- **Problem to solve**
Leaving pictures aside, set down each line exactly, from the first line of the data to the line with "and Decription ...", both included.

- **Collection entries**
--------------------
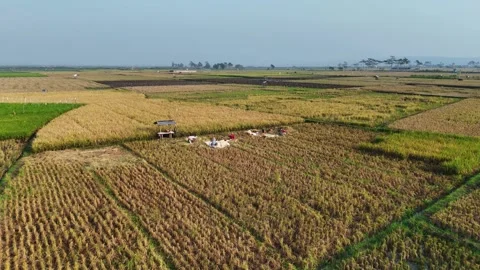 Aerial view of rice fields near Rawa Pening, Indonesia. Stock Footage 341580545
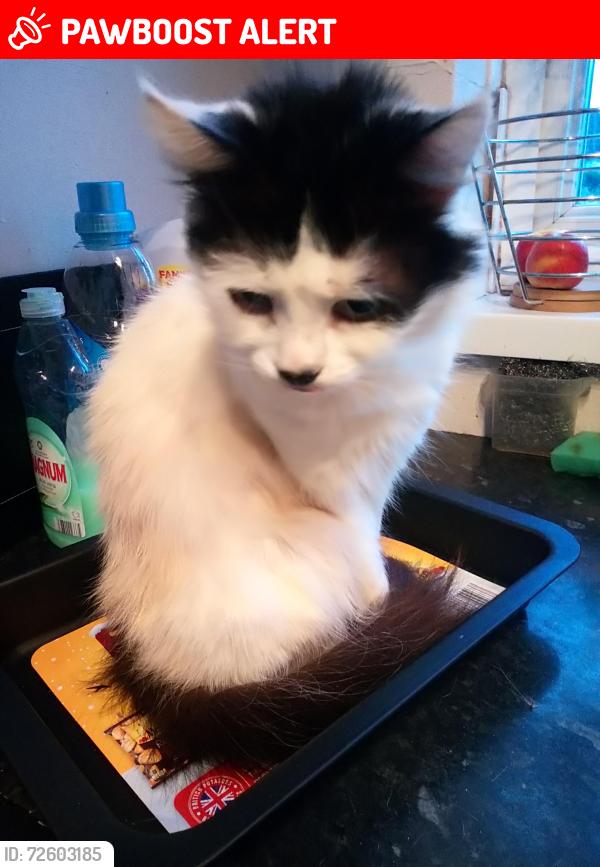 Lost Female Cat last seen Braunstone Leisure Centre, Leicester, England LE3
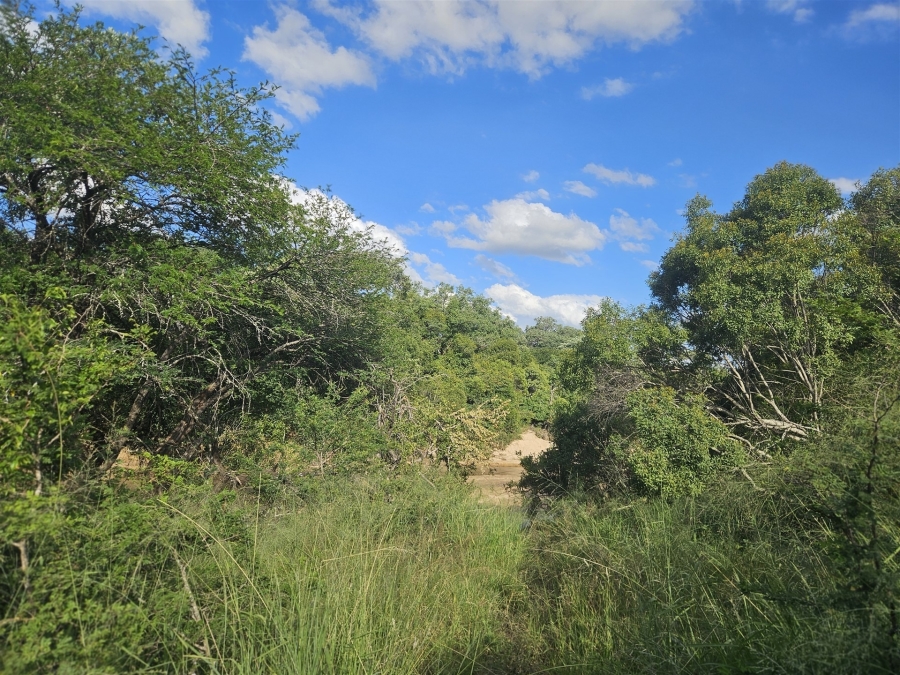 0 Bedroom Property for Sale in Moditlo Wildlife Estate Limpopo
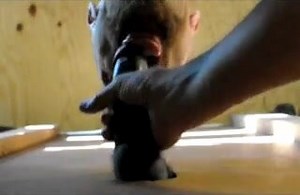 Glory Hole Compilation - video 2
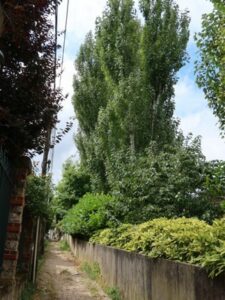 Journaux - Clamart Accueil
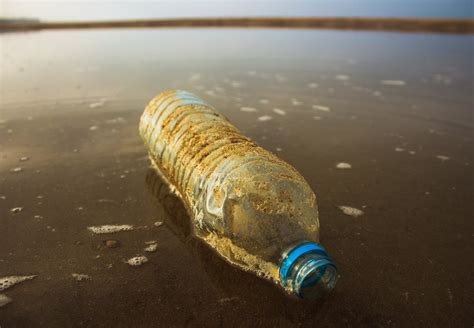 Plastic Bottle Pollution Facts Australia - Best Pictures and Decription ...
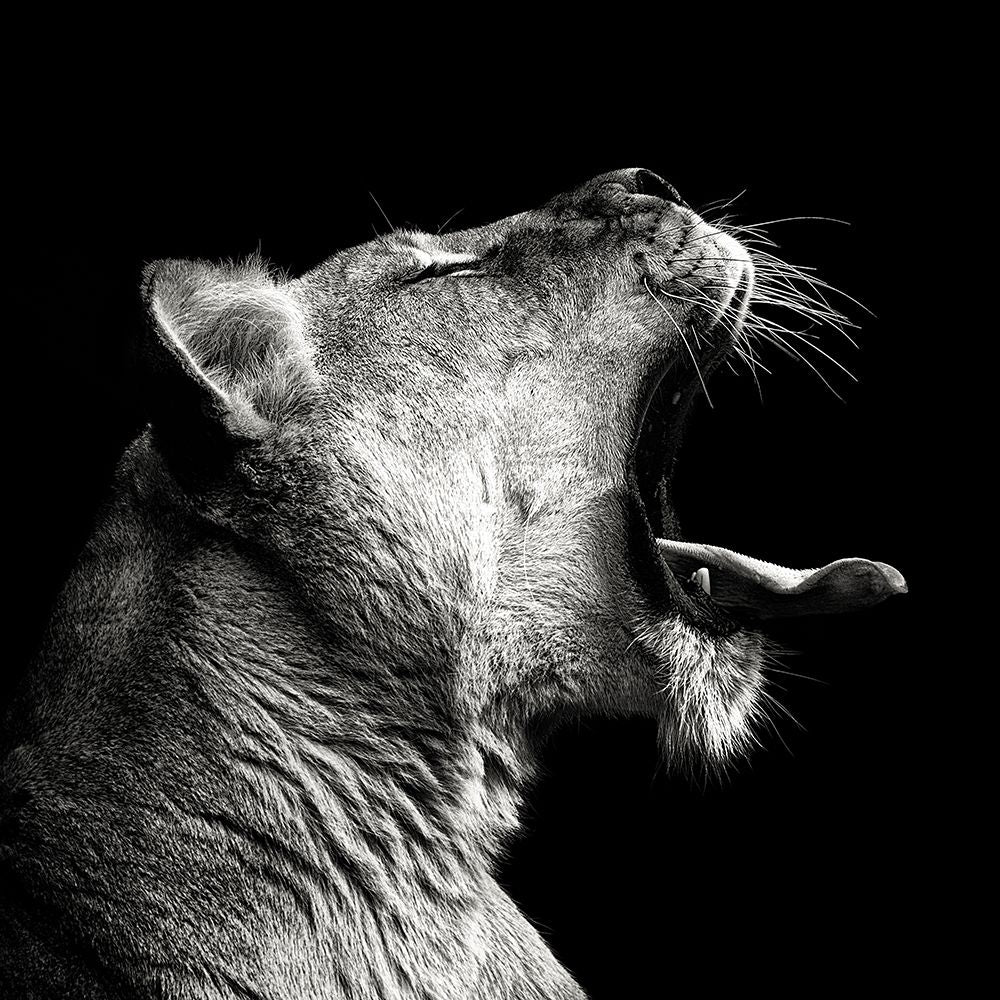 Primal Yawn Poster Print - Christian Meermann-VARPDX2567680 Image 1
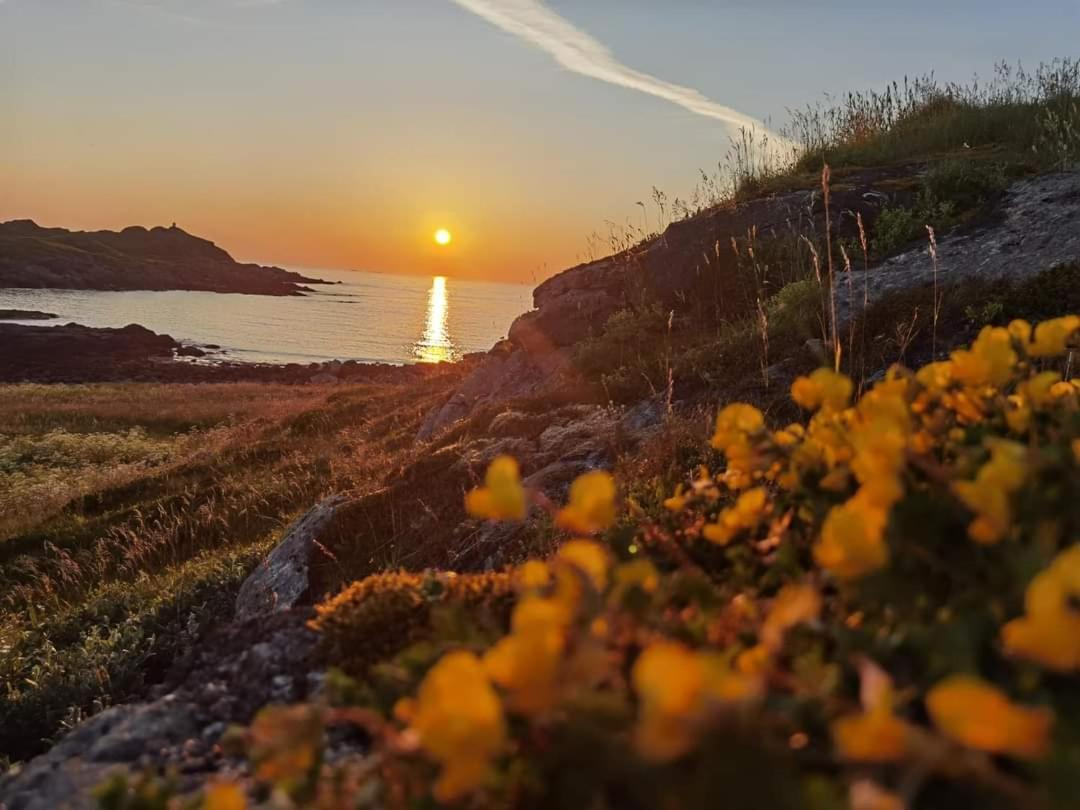 Banpim Beachside Lofoten Ramberg Dış mekan fotoğraf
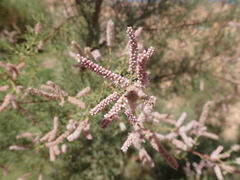 Tamarix gallica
--------------------
- **Reply to the exercise**
 Aerial view of rice fields near Rawa Pening, Indonesia. Stock Footage 341580545
 Lost Female Cat last seen Braunstone Leisure Centre, Leicester, England LE3
 0 Bedroom Property for Sale in Moditlo Wildlife Estate Limpopo
 Glory Hole Compilation - video 2
 Journaux - Clamart Accueil
 Plastic Bottle Pollution Facts Australia - Best Pictures and Decription ...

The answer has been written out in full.